- Work task: Please repeat the lines below, exactly and only, from the one that holds "X0000090461384200707201325" through the one that holds "Maidenhair Fern leaves in wilderness".
Records for the exercise below:
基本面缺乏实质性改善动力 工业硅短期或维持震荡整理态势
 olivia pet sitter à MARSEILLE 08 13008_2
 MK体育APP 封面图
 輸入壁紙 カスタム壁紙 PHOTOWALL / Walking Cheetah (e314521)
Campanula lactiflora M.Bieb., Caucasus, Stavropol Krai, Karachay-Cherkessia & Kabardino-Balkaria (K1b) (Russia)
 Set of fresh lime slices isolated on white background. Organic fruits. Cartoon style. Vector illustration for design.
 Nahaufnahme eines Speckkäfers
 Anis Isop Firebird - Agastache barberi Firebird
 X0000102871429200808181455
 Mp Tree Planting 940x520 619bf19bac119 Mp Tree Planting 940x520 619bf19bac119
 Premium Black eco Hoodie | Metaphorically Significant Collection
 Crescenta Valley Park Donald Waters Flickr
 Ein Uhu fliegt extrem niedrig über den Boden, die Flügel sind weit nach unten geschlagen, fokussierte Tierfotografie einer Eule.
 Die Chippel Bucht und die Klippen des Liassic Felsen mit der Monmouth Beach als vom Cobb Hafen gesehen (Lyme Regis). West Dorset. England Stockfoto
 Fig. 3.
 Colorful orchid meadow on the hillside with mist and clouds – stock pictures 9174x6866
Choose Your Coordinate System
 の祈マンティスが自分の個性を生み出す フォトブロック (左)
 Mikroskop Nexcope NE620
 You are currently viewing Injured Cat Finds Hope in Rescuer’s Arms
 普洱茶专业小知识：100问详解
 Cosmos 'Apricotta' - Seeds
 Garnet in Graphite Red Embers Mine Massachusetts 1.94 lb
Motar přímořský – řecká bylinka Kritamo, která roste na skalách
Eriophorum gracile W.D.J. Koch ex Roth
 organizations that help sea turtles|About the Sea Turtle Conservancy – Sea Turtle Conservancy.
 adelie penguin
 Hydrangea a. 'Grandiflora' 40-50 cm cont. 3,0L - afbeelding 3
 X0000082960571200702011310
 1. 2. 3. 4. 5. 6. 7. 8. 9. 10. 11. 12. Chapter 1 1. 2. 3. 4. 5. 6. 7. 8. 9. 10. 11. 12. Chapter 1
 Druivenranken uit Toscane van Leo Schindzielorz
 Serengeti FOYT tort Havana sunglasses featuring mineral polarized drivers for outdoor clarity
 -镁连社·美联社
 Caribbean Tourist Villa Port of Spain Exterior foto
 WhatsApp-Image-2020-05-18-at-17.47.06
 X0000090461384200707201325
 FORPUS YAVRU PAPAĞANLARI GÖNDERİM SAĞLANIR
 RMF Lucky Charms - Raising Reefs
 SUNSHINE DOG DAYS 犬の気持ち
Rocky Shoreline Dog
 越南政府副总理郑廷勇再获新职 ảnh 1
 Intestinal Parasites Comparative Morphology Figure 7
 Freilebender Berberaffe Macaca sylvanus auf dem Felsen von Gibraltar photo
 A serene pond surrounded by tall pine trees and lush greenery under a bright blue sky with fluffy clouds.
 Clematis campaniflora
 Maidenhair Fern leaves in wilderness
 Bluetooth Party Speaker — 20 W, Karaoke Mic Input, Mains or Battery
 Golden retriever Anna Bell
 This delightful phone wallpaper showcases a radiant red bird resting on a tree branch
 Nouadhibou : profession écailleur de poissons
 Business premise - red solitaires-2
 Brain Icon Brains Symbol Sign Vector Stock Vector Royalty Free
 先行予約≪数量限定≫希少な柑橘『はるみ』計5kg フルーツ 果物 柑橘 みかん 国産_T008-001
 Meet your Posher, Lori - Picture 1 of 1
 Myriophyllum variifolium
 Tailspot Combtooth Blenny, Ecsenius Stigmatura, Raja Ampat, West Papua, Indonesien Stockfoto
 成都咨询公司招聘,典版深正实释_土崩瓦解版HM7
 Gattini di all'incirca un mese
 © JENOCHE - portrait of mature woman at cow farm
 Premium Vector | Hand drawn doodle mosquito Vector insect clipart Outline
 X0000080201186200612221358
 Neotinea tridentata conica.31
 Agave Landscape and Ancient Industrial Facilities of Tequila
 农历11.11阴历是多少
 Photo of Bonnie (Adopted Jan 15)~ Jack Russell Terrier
End of Records for the exercise.
- Exercise answer:
 X0000090461384200707201325
 FORPUS YAVRU PAPAĞANLARI GÖNDERİM SAĞLANIR
 RMF Lucky Charms - Raising Reefs
 SUNSHINE DOG DAYS 犬の気持ち
Rocky Shoreline Dog
 越南政府副总理郑廷勇再获新职 ảnh 1
 Intestinal Parasites Comparative Morphology Figure 7
 Freilebender Berberaffe Macaca sylvanus auf dem Felsen von Gibraltar photo
 A serene pond surrounded by tall pine trees and lush greenery under a bright blue sky with fluffy clouds.
 Clematis campaniflora
 Maidenhair Fern leaves in wilderness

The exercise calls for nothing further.